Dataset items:
===

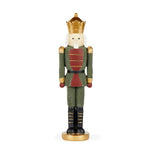 25 CM GREEN VELVET NUTCRACKER - Pure Apotheca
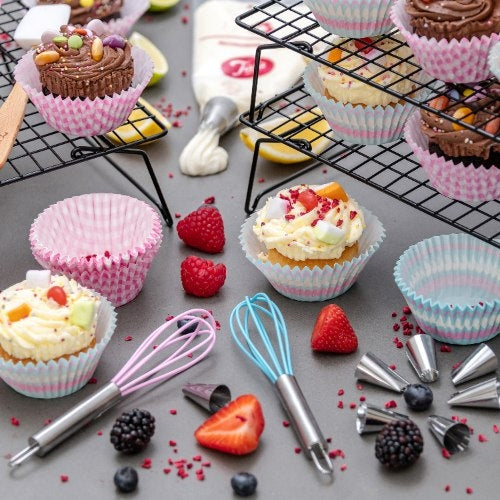 Cupcake vormpjes, 32 Stuks, Blauw - Tala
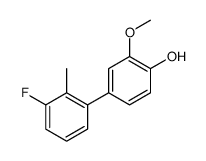 4-(3-fluoro-2-methylphenyl)-2-methoxyphenol Structure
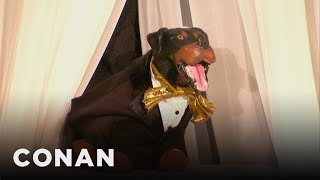Triumph Crashes The World's Most Expensive Dog Wedding | CONAN on TBS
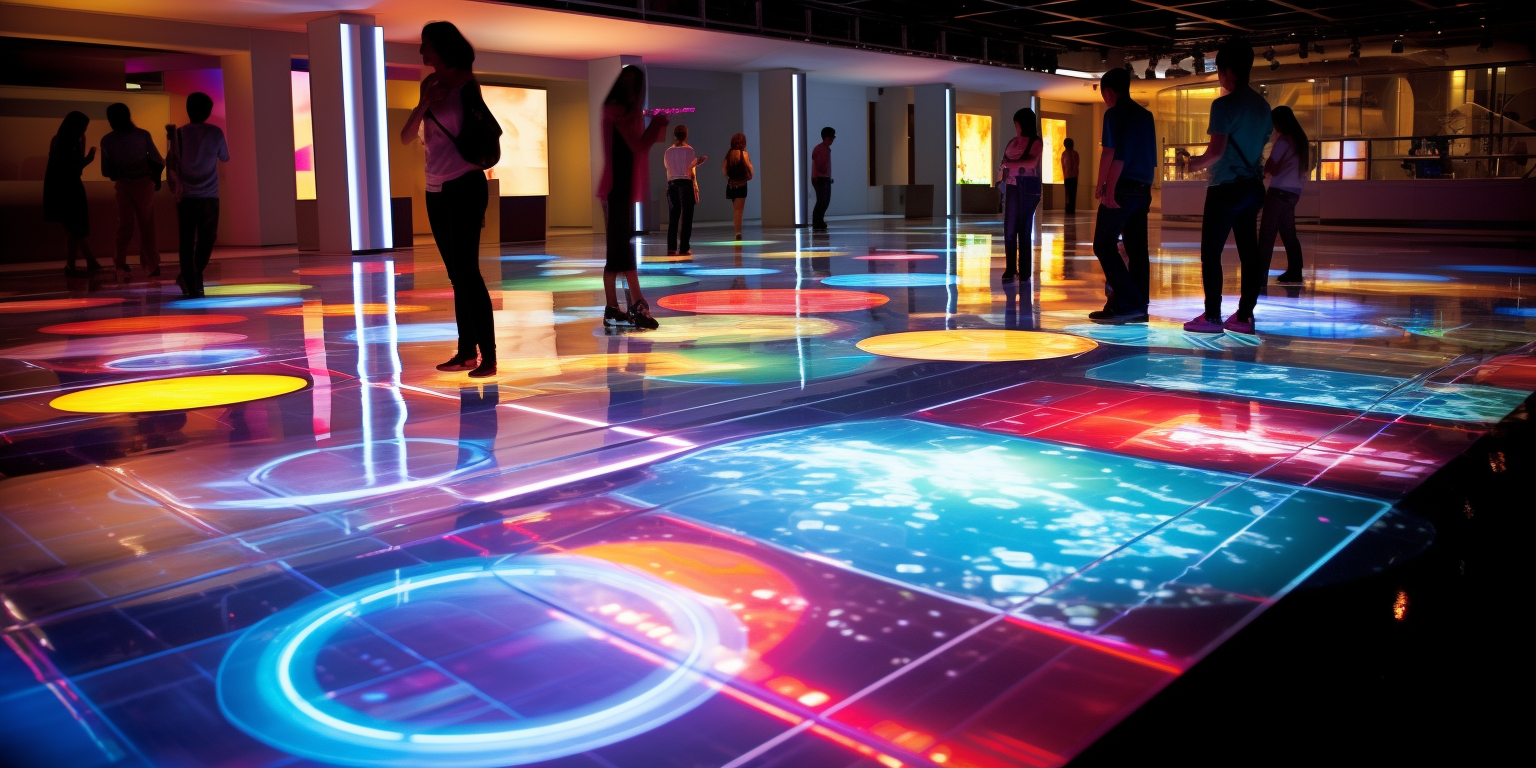 ما هي تقنية عرض الأرضية التفاعلية Rolvloer؟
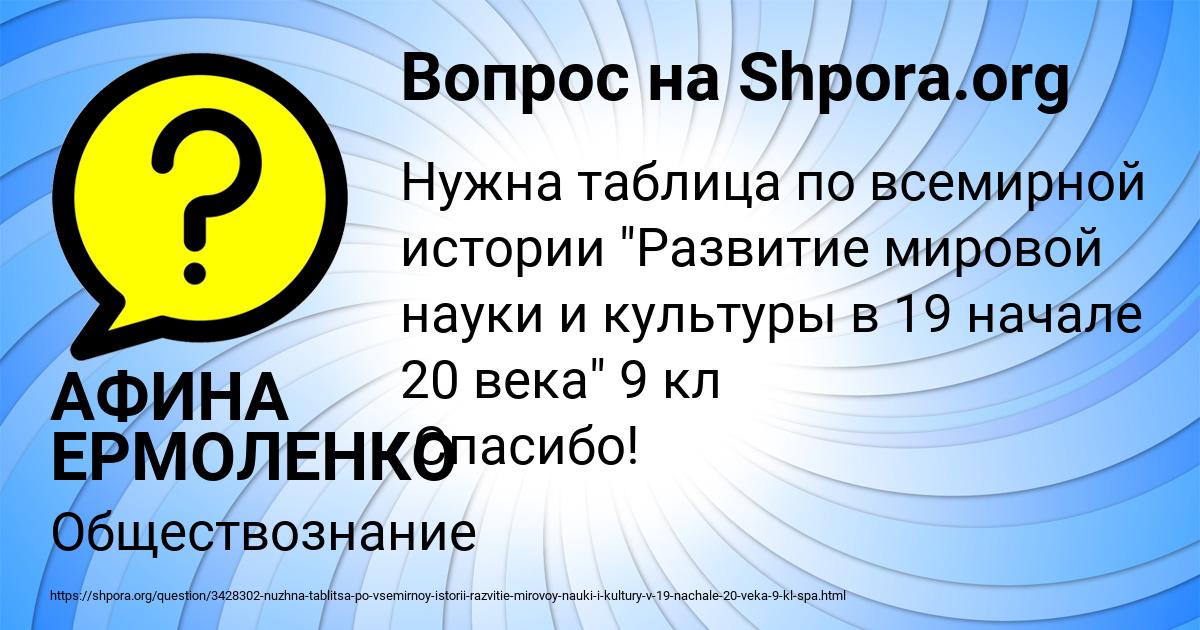 Картинка с текстом вопроса от пользователя АФИНА ЕРМОЛЕНКО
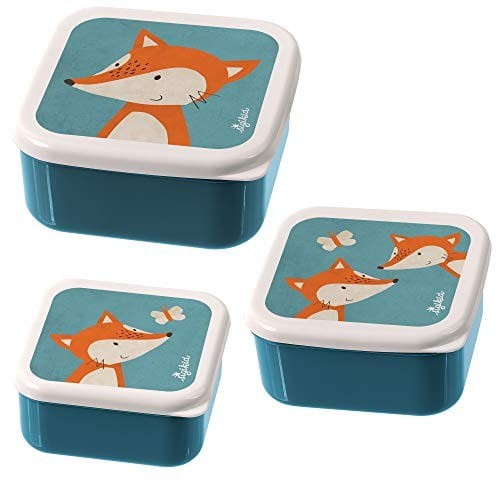 Pudełka 3 pojemniki na Przekąski lisek - sigikid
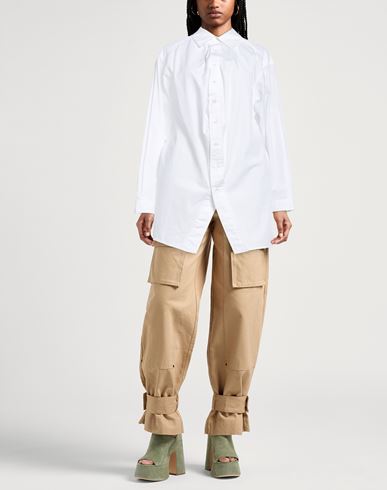 Woman Shirt White Size 2 Cotton, Polyester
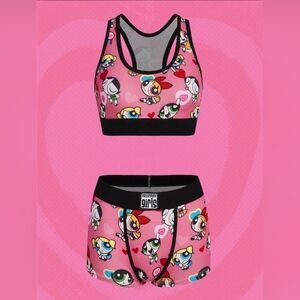 Powerpuff Girls Pink Sports Bra and Shorts Set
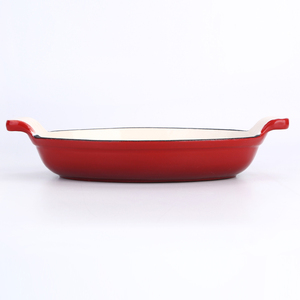 <span class=keywords><strong>Plat</strong></span> <span class=keywords><strong>à</strong></span> gratin en fonte émaillée Sizzle & Serve allant au four - Product Image 2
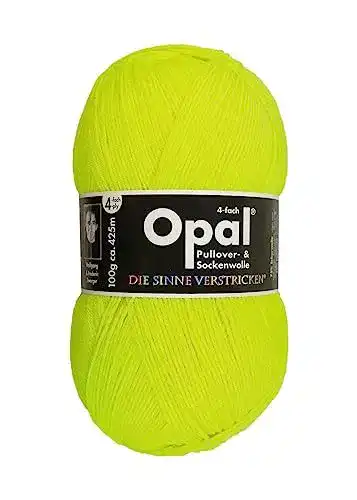Opal Sockengarn Neon 2012 in neon gelb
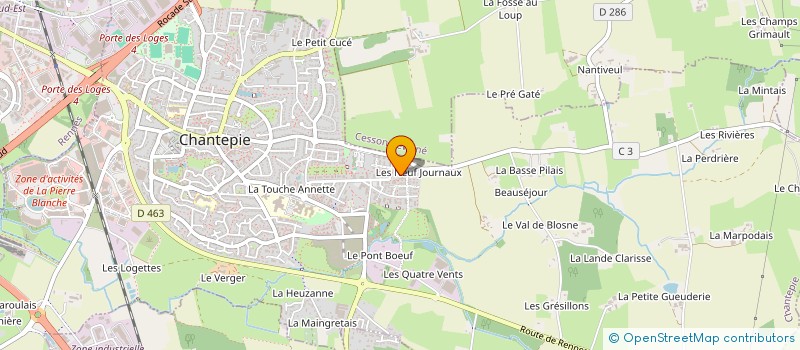 localisation de l'entreprise 884 685 819   CHANTEPIE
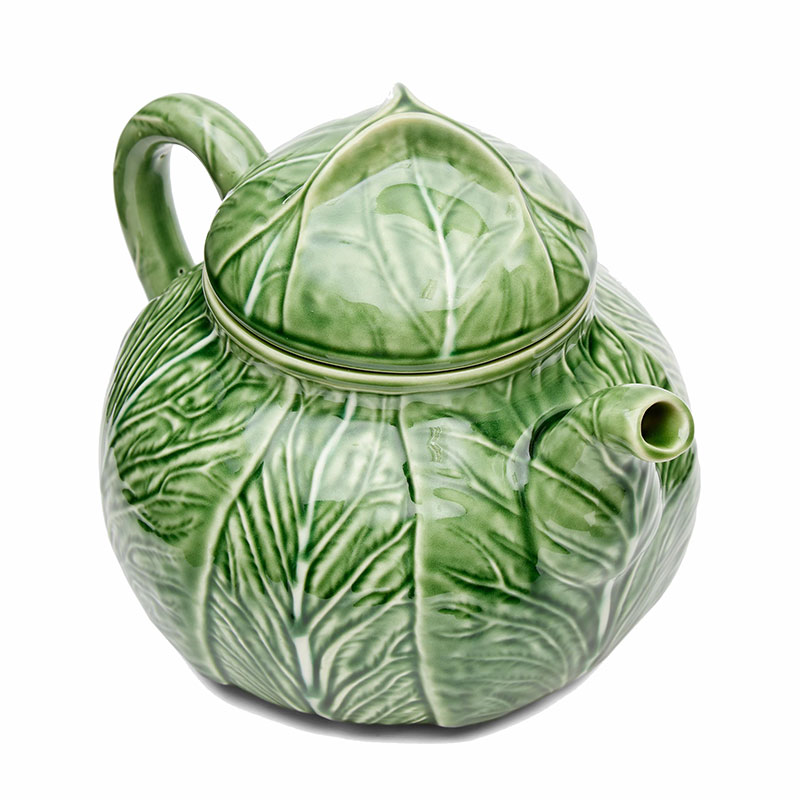 Cabbage Tea Pot, 1.25L, Green-1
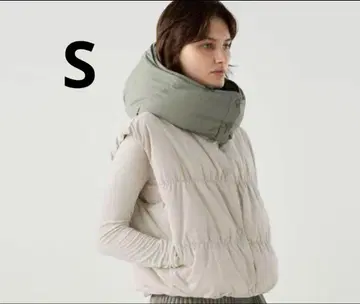 [ 시착만 한 상품 ] UNIQLO C 다운 크롭 베스트 S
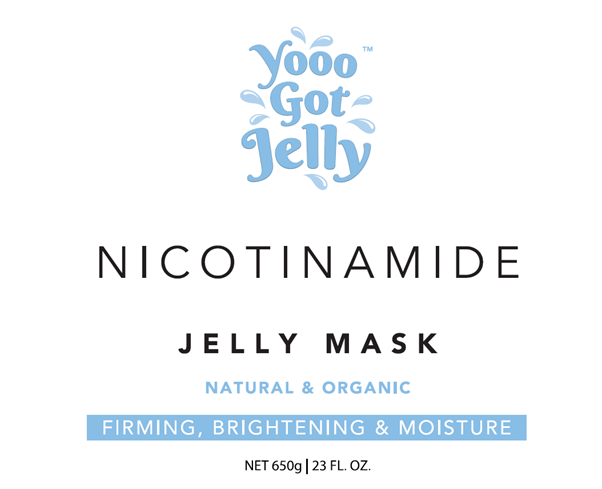 JUST RELEASED : NEW RELEASE : NICOTINAMIDE (NIACINAMIDE) JELLY MASK – FIRMING & CLARITY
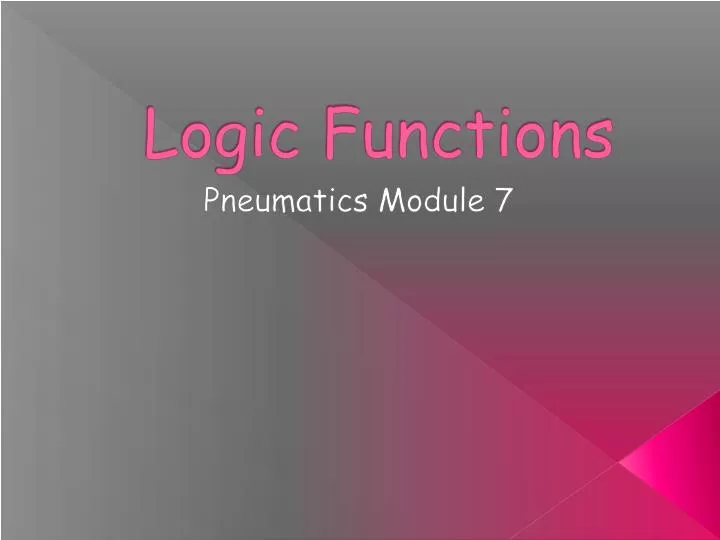 logic functions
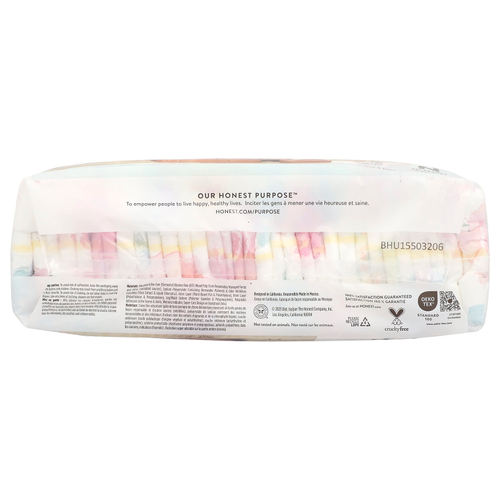 The Honest Company, Clean Conscious Diapers ™, для новорожденных, весом менее 10 фунтов, со вкусом розы, 32 подгузника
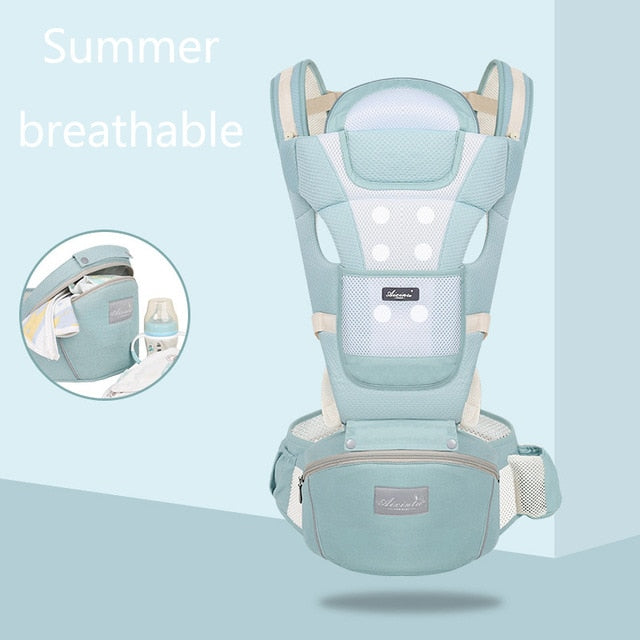 Ergonomic Baby Carrier With Hipseat Sling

===

TASK DETAILS: Give again exactly the lines from the one holding "logic functions" to the final line of the records, both ends included, and nothing more. Pictures do not belong in the copy.

EXERCISE RESULT:
 logic functions
 The Honest Company, Clean Conscious Diapers ™, для новорожденных, весом менее 10 фунтов, со вкусом розы, 32 подгузника
 Ergonomic Baby Carrier With Hipseat Sling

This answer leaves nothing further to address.